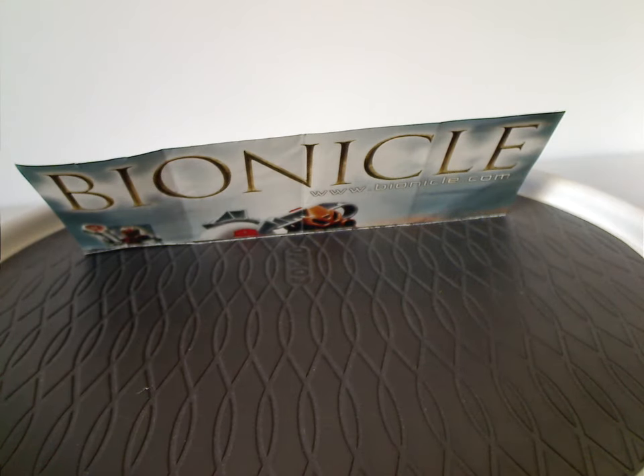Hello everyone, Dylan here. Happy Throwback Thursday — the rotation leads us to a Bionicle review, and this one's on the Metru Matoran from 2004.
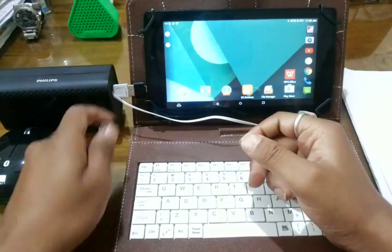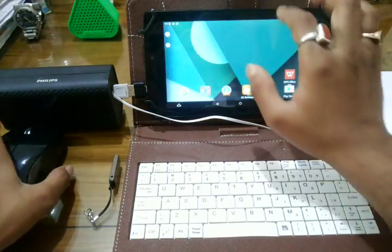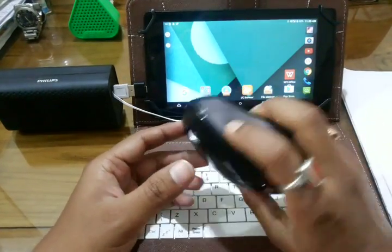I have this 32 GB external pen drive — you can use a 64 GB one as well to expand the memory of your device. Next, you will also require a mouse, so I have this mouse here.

━━━━━━━━━━

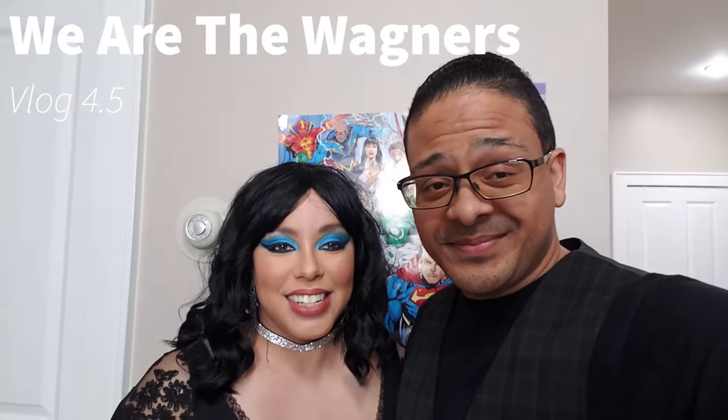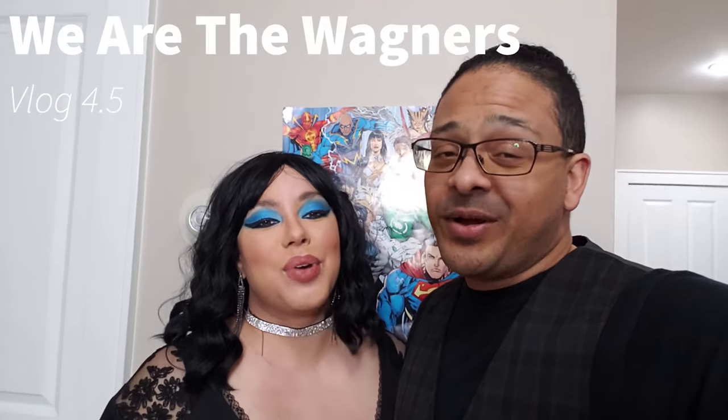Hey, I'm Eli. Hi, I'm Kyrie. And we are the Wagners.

━━━━━━━━━━

Problem:
Exactly the lines above, from the one containing "Hello everyone, Dylan" down to the one containing "I have this 32", are to be repeated, including both ends. Pictures are not part of the copy.

Your response:
Hello everyone, Dylan here. Happy Throwback Thursday — the rotation leads us to a Bionicle review, and this one's on the Metru Matoran from 2004.
I have this 32 GB external pen drive — you can use a 64 GB one as well to expand the memory of your device. Next, you will also require a mouse, so I have this mouse here.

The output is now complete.